Le problème est présent dans toutes les familles. Même si 80 % des jeunes ont un poids normal, 60 % des adolescents sont insatisfaits de leur image corporelle. La faute est surtout imputable aux publicitaires et aux designers de mode qui ne cessent de vendre une femme jeune, mince et parfaite. «Pour être belles, toutes les femmes, de 7 à 77 ans, doivent toujours être jeunes, minces à l’extrême, blanches et sexy, au détriment de leur santé» insiste Lydya Assayag, la directrice de l’organisme. Ainsi, le tiers des utilisatrices de produits antirides sont des femmes de moins de 25 ans.

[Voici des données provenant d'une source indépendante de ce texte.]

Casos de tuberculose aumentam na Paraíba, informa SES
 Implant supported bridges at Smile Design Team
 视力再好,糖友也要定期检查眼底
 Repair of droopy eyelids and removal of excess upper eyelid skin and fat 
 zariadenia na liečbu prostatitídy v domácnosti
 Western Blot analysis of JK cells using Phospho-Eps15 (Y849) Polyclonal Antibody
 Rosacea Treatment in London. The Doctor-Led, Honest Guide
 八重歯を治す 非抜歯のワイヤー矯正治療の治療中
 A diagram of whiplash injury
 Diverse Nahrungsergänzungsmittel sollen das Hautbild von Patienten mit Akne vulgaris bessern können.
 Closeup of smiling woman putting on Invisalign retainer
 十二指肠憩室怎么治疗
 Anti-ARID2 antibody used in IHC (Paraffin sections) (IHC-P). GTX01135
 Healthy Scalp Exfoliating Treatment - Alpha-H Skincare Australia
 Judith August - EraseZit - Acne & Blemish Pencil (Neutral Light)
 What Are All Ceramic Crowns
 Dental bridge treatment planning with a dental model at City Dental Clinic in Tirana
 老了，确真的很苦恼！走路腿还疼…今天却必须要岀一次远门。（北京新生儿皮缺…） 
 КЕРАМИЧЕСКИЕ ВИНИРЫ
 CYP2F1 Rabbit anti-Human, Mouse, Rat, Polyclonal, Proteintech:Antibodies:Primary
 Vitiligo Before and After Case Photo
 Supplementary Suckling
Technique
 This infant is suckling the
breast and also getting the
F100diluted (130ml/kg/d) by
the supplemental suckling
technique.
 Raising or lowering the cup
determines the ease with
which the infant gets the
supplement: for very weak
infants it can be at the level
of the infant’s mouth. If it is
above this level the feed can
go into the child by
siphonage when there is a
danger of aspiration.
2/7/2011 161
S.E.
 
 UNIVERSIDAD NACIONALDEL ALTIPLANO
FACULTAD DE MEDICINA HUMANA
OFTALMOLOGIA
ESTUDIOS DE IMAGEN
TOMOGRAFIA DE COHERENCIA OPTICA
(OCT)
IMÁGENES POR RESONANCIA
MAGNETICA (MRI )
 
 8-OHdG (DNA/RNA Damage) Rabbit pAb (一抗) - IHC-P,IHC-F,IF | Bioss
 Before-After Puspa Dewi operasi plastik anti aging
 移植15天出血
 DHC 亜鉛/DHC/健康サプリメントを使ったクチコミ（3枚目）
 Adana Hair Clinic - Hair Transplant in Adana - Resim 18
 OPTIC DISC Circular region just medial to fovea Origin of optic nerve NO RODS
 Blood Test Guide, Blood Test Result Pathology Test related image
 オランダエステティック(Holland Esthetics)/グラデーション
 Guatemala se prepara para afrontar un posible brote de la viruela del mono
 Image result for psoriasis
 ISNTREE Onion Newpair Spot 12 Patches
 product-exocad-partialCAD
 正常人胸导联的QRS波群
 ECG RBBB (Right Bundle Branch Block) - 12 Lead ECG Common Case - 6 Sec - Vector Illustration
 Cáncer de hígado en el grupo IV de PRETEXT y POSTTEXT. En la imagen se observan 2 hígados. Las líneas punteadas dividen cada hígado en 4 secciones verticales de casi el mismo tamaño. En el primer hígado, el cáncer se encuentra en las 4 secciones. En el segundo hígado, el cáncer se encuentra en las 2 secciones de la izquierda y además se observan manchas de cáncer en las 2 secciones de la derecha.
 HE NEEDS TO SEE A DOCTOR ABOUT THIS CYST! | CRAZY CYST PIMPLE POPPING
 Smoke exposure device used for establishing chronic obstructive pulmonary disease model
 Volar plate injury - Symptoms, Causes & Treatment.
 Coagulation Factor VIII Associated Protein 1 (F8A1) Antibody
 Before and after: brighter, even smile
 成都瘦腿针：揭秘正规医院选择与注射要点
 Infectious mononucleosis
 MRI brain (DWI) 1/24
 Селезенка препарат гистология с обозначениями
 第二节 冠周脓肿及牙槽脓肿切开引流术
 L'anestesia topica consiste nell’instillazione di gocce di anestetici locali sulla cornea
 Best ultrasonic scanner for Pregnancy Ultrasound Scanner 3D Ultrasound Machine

Mais ce phénomène entraine des dérapages dangereux lorsqu’on constate qu’une compagnie américaine se met à vendre des crèmes miracles pour les fillettes de 8 à 12 ans, ou lorsque des enfants de 8 ans se font injecter du Botox dans le visage.
Pour conscientiser les jeunes filles, mais aussi les acteurs du milieu de la mode, le RQASF a décidé de lancer un dépliant mettant en vedette des femmes différentes qui représentent, chacune à leur manière, une forme de beauté. France Geoffroy est danseuse contemporaine et se déplace en fauteuil roulant. Pour elle, le culte de la beauté est difficile à supporter. «La mode est quelque chose qui m’interpelle, j’aime beaucoup les vêtements. Cela n’a jamais cessé, même après mon accident, que j’ai eu à l’âge de 17 ans. Grâce à mon travail et à ma persévérance, le milieu de la danse m’a ouvert ses portes. Pourtant, je trouve encore difficile de me rendre dans certaines boutiques. Les vêtements ne sont parfois pas faits pour moi et j’ai même déjà senti du mépris dans certains magasins.» Pourtant, elle a une silhouette magnifique qui ferait pâlir de jalousie, si elle pouvait se lever. Le dépliant met aussi en lumière Graziella Battista, chef-propriétaire d’un restaurant, Michelle Blanc, bloggeuse et spécialiste en marketing web, ainsi que Amina Gerba, pdg d’Afrique Expansion.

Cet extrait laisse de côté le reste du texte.